If Russian hackers wanted to attack U.S. targets, they would have thousands of Internet-connected devices to use, including off-the-shelf routers inside many American homes, Holden said. Hijacking multiple computers with malware to form a network that attacks websites is known as a botnet.
“You could have bot zombies in America attacking America,” he said. “Think of all the companies in the U.S. that are doing business on the Web, whether they’re selling computers or whether they’re selling pizzas.”
Russian hackers also are believed to have already infiltrated U.S. computer networks, said Jen Weedon, manager of threat intelligence at computer security company FireEye Inc.
“A lot of the security community is tracking specific malware campaigns targeting the energy industry and attributing them to Russian actors,” Weedon said in a telephone interview. FireEye has seen similar campaigns targeting the computer technology, health-care and manufacturing industries, as well as local governments, she said.

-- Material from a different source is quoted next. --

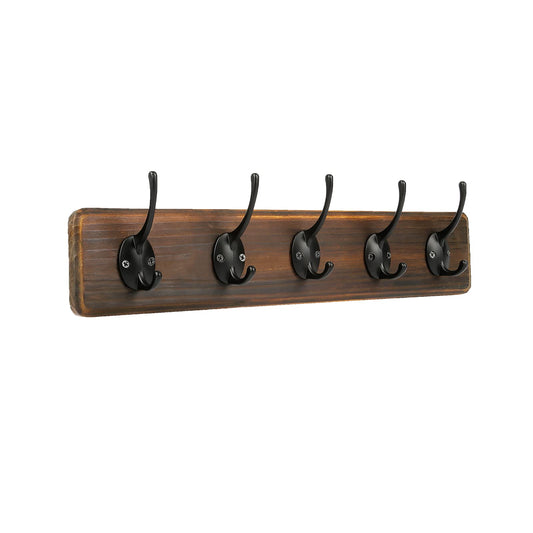 PHINGEER Rustic Wall Mounted Coat Hook Rack Heavy Duty Wooden Entryway Hanging Coat Rack with 5 Decorative Hooks for Entryway Mudroom Kitchen Bathroom Living Room Foyer Hallway (brown-1pack, 5 Hooks)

The malware is believed to be of Russian origin, though direct attribution to the government is difficult to determine, and it creates “back doors” to access computers and steal data, she said.
Weedon said those back doors also could be used for carrying out destructive attacks. Even so, she doubted that destructive attacks would occur and that if freelance hackers tried to do so, the Russian government would intervene.

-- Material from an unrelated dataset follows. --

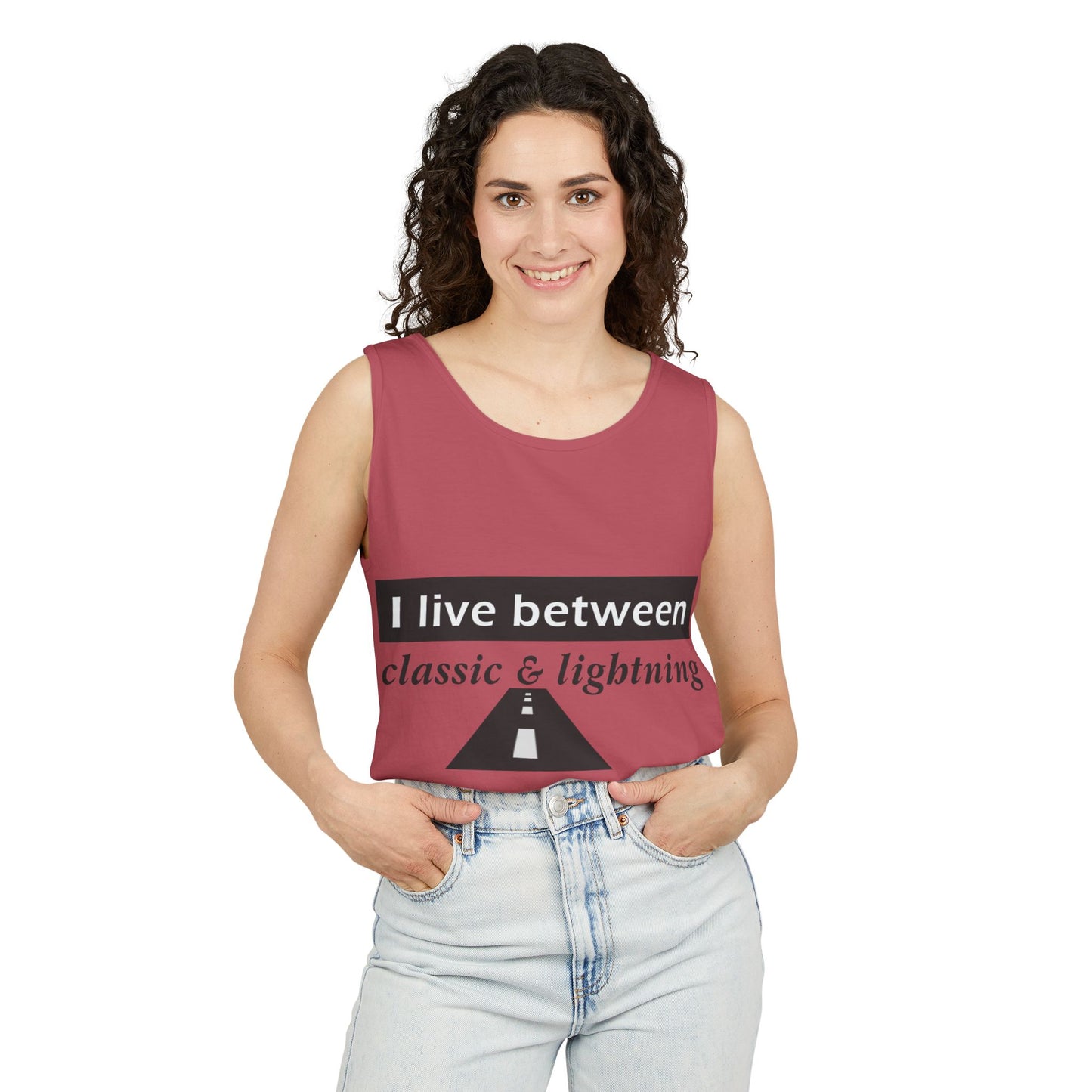 Unisex Graphic Tank Top - 'I Live Between Classic & Lightning'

“If they were suddenly to attack U.S. assets, I think that would cross a red line,” she said. “What incentives do they have to allow that to happen or do it themselves? I think they would expect a U.S. response, and the U.S. probably would respond.”
Other experts are less confident.
“Our experience and evidence tends to support the notion that Russia is sufficiently organized and equipped to wage a very effective cyber-guerrilla campaign against the U.S. and avoid public attribution,” said Rodney Joffe, senior vice president and chief technologist for Sterling, Virginia-based Neustar Inc.